The number of years a homeowner needs to live in their home for it to make more financial sense than renting — what Zillow calls the breakeven horizon — is lengthening. The national average breakeven horizon was one year and eleven months at the end of 2016, nearly a month longer than what it was a year earlier.
Zillow calculates the breakeven horizon by comparing homeownership costs with the cost of renting over the same time period. This analysis includes a forecast for home value growth and rent change.

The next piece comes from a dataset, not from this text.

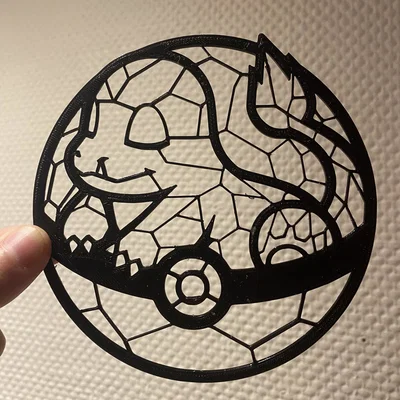Mô hình trang trí Charmander trong Pokeball nghệ thuật 2D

Here in California, the breakeven horizon is much longer, and growing. Accordingly to Zillow’s yardstick, before owning pays off, a homeowner will need to own their home for:
- 2.1 years in Riverside, up from 1.8 in 2015;
- 2.2 years in Bakersfield, up from 1.7 in 2015;
- 2.4 years in Sacramento, up from 2.1 in 2015;
- 2.5 years in Fresno, the same as 2015;
- 4.1 years in Los Angeles, the same as 2015;
- 4.1 years in San Diego, up from 3.4 in 2015;
- 4.5 years in San Francisco, up from 2.9 in 2015; and
- 5.1 years in San Jose, up from 3.2 in 2015.
Unsurprisingly, the breakeven horizon is longest in California’s expensive and highly desirable coastal cities. While these are averages for California’s largest population centers, the breakeven horizon also varies greatly by neighborhood, which can be searched on Zillow.
Longer ownership = less turnover
Zillow’s forecast for the breakeven horizon looks like bad news for California homeowners and the real estate professionals who represent them. When homeowners need to stay in their home longer to make their investment worthwhile, turnover decreases and home sales volume slows.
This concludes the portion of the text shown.